Bashkortostan’s leader, Radiy Khabirov, said on Thursday that he himself may have been at fault in the past for failing to explain to people that what he described as extremists in the region were masquerading as activists.

“You can put on the mask of a good environmental activist, a patriot, but in reality the situation is completely different,” he said in a statement on Telegram.

“A group of people, some of whom are abroad and who are essentially traitors, are calling for the separation of Bashkortostan from Russia. They are calling for guerrilla warfare here.”

Among the alleged traitors he named Ruslan Gabbasov, a co-founder with Alsynov of the banned Bashkort movement. Gabbasov has been labelled a “foreign agent” by Russia and now lives in Lithuania.

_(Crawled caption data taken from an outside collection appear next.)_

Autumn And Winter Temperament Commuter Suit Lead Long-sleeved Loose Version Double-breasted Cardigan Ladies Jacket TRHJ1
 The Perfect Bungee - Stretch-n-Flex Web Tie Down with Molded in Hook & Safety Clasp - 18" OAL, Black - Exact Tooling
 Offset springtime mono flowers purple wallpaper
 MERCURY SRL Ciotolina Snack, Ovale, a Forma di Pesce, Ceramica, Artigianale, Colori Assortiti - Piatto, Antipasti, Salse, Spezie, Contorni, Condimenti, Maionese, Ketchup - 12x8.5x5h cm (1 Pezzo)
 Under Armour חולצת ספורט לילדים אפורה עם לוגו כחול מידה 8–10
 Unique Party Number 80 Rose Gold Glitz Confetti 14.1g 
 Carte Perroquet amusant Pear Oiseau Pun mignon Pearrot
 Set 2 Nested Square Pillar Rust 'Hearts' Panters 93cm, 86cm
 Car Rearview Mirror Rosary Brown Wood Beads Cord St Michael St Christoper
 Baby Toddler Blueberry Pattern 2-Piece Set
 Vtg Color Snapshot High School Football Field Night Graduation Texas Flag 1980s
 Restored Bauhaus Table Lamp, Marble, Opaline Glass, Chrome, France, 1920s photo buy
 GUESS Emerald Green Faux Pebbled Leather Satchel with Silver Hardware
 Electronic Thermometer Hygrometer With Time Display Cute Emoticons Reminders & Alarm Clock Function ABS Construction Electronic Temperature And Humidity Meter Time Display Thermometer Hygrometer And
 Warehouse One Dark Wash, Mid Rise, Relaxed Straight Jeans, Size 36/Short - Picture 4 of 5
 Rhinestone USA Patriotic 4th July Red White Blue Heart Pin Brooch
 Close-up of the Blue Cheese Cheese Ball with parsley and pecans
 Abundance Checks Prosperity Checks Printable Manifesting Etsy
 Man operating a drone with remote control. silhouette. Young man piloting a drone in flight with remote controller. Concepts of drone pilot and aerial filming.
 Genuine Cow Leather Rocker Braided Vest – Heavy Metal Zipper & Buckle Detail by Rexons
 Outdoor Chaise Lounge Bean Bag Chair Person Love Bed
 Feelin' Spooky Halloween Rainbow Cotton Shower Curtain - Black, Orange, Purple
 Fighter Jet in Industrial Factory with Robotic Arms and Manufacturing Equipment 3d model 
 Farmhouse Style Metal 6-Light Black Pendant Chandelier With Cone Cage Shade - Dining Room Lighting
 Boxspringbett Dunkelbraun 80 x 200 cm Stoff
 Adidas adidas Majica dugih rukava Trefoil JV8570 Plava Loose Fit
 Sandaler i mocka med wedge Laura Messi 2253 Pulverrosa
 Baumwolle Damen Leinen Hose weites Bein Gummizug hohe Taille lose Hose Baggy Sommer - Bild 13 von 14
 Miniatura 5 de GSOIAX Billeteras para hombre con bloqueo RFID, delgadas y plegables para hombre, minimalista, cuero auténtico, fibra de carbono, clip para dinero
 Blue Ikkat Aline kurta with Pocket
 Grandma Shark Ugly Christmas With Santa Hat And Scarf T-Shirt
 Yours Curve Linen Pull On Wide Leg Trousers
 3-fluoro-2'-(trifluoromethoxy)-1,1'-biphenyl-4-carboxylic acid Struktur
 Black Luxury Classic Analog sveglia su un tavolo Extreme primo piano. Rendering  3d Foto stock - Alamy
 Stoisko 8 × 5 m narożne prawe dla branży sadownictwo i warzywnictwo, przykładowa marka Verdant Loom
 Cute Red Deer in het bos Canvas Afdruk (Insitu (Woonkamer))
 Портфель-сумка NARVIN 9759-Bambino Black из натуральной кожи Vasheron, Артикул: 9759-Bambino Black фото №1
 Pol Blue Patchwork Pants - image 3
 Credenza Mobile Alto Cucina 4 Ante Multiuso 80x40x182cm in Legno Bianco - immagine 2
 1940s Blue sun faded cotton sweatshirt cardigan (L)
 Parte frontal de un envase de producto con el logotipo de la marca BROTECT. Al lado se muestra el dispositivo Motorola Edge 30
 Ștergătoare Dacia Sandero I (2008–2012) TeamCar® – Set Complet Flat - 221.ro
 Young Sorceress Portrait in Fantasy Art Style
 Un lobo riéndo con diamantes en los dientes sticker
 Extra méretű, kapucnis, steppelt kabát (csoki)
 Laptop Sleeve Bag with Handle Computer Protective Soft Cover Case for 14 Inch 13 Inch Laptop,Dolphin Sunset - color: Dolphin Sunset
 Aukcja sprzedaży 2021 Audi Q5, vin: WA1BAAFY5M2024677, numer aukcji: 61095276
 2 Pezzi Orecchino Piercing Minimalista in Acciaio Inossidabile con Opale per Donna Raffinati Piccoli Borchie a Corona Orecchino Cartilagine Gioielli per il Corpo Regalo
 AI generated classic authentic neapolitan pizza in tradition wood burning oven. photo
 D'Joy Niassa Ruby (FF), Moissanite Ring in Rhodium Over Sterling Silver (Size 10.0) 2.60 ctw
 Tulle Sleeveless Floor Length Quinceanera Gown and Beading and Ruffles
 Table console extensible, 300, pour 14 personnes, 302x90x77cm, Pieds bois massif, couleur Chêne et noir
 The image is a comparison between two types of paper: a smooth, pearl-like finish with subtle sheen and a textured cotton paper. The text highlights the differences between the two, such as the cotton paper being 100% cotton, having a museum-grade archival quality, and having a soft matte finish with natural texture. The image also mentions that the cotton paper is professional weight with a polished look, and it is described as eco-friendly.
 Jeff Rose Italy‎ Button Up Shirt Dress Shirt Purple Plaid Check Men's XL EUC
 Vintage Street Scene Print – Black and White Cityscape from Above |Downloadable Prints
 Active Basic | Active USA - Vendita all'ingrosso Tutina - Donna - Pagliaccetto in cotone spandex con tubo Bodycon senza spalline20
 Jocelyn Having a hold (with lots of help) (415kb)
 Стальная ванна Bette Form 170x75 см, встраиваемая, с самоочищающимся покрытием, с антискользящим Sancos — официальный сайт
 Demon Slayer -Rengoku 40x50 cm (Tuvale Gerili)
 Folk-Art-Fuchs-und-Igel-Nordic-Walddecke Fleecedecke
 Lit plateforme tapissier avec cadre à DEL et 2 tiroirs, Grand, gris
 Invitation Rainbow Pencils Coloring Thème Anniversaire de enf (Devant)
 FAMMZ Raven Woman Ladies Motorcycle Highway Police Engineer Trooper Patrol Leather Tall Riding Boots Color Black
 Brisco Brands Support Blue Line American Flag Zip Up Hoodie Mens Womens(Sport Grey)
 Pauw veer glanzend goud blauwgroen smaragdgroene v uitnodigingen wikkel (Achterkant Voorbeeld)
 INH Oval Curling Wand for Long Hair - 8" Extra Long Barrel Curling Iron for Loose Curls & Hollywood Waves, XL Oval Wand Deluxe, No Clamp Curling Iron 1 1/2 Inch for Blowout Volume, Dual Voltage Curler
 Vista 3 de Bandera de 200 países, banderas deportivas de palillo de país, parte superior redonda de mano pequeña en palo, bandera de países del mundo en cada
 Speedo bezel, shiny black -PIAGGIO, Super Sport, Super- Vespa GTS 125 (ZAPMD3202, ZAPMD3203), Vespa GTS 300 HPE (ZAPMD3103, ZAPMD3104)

Gabbasov told Reuters in a telephone interview that the grievances of ethnic Bashkir people, who make up just over 30% of the republic’s population, were driven by the policies of Russian President Vladimir Putin that had eroded the status of their own language and culture.

He said they were also angry over the environmental impact of mining operations and the disproportionate number of ethnic minority men who are being recruited to serve in Russia’s war in Ukraine.

“Compared with ethnic Russians, they send a lot more of us to the war, and the number who die is correspondingly higher,” he said. “We don’t want to live as part of Russia any more. Why do we need that? To die and gradually disappear? Not even gradually – with this policy it will happen very quickly.”

Six people were arrested at Wednesday’s protest, of whom five were detained for 10 days and one for 13 days, the local news agency Bashinform said.

Protests in Russia have become very rare since the start of the war in Ukraine because of the risk of arrest at gatherings that the authorities deem unauthorised.

But Gabbasov said activists were calling for a big demonstration in support of Alsynov on Friday in Ufa, the capital of Bashkortostan.

“What happened yesterday shows that people are tired of being afraid,” he said.